HALF TIME EXETER CHIEFS 6 LEICESTER TIGERS 3
Now with conditions firmly in their favour, it was the Midlanders who emerged quickest out of the traps on the resumption. Early pressure got them front foot ball, the results of which eventually saw them glean a penalty that Ford slotted after Sam Hill was adjudged to have gone off his feet trying to defend at a ruck.
Will Chudley and Harry Williams both threatened to score, before Armand was eventually driven over the line for the opening try, which was converted by Steenson.
The score seemed to ignite the visitors and for a sustained period they had the hammer down in attack, trying to bully the Chiefs with a simple, one-directional approach, that focused heavily on utilising the likes of Logovi'i Mulipola, Polota-Nau and Manu Tuilagi as their main strike runners.
To their credit, the Chiefs held firm, producing a stubborn defensive line that was not only rock solid, but was just as effective in winning a couple of key turnovers just yards from the line.

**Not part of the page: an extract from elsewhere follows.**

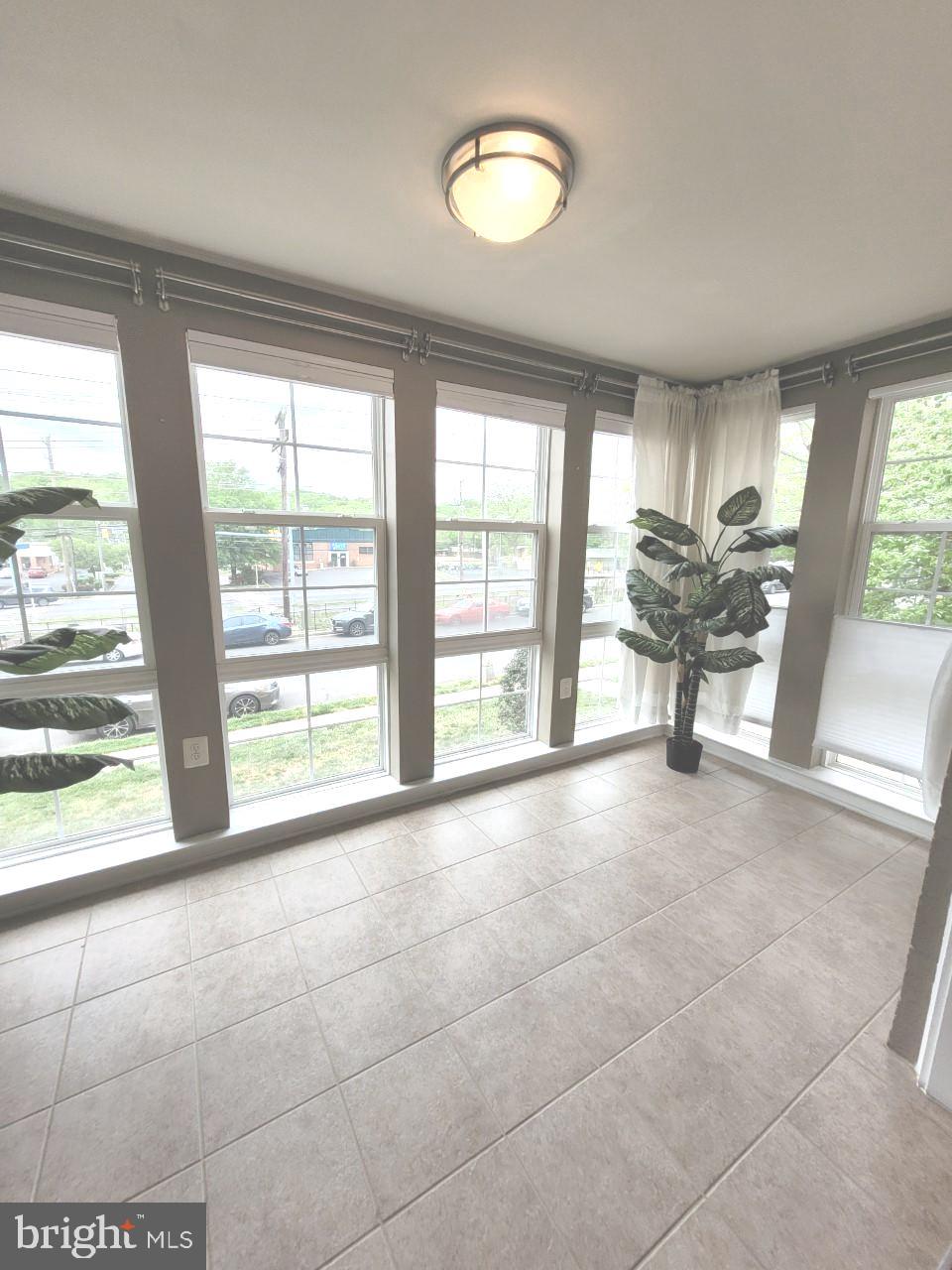 WEST VILLAGE OF SHIRLINGTON - Residential Lease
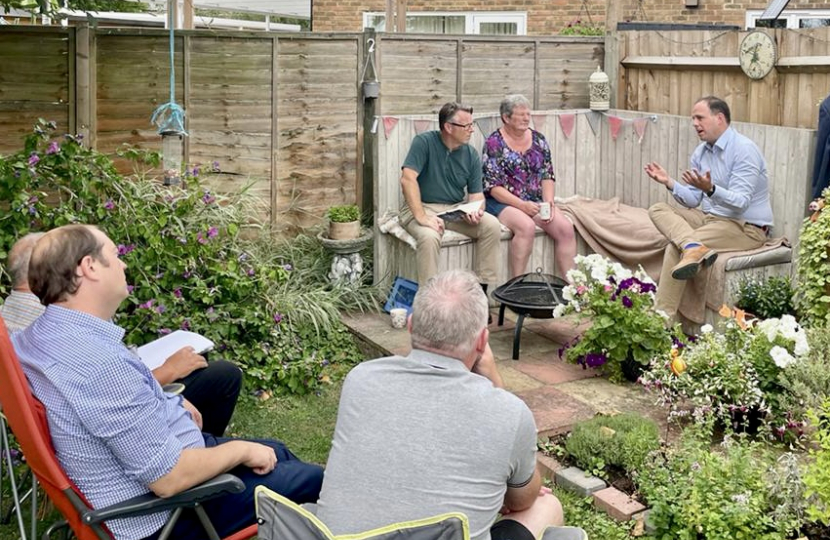 Greg with Springhill Road and Park Road residents.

Indeed, having soaked up sustained Leicester pressure, Baxter's side turned defence into attack, producing a relentless series of attacking phases that propelled them from their own 22 to that of Leicester's 22. With the Tigers visibly wilting under the onslaught, the home side themselves preceded to go route one, using their forwards to bludgeon their way to within sight of the line.
Ten minutes later and the Chiefs were extending their advantage. Nic White's box kick seemed easy enough as it caught on the strong wind, but a mix-up in communication between Ford and May allowed England colleague Slade to pick the ball from between them and gallop clear of the cover for a second converted score.
Sandy Park duly erupted as the hosts pulled two converted scores clear. The Tigers, visibly shaken by the quick one-two from their rivals, looked to counter, but it would be to no avail. Indeed, the Chiefs were unlucky not to add a third try on 67 minutes when White capitalised on more loose play from the visitors. As the Aussie twice hacked forward following Sam Simmonds' hefty collision in the build-up, he won the subsequent foot race to the line to dot down.
Referee Maxwell-Keys immediately wanted to check the impact of Simmonds and following a quick conflab with TV match official Geoff Warren, it was deemed the England international had knocked the ball forward in the tackle, meaning the score was chalked off much to the derision of many inside Sandy Park.
Undeterred, the Chiefs continued to pile forward and with their bench added a fresh zest for life in the final quarter, it came as no surprise when they added a third try with ten minutes remaining, a slick handling move creating the opening out side for Jonny Hill to squeeze over in the left corner.
Job done and dusted, the only real thing left to achieve for the Chiefs was to try and secure the all-important bonus point with a fourth try. This they duly did - like the week previous at Northampton - with the final move of the game, the forwards combining as one to send Yeandle over for his second try in as many games.
In truth, it was the perfect finale to 2017. Now, the objective is to go even better in 2018, starting with their first assignment at Newcastle in a week's time.
Exeter Chiefs: L Turner; J Nowell (J Short 76), H Slade, S Hill, O Woodburn; G Steenson (capt, I Whitten 67), W Chudley (N White 54); A Hepburn (C Rimmer 65), L Cowan-Dickie (J Yeandle 8), H Williams (T Francis 59); S Skinner, J Hill; D Ewers (S Simmonds 54), D Armand, T Waldrom (M Lees 54).
Tries - Armand, Slade, J Hill, Yeandle; Conversions - Steenson (2); Penalties - Slade, Steenson
Leicester Tigers: J May; N Malouf, M Tuilagi (J Ford 76), M Toomua, A Thompstone (M Tait 72); G Ford (capt), B Youngs (S Harrison 69), L Mulipola (K Traynor 72), T Polota-Nau (T Youngs 54-67), D Cole (C Baumann 75); M Fitzgerald (H Wells 61), G Kitchener; M Williams (V Mapapalangi 61), L Hamilton, S Kalamafoni.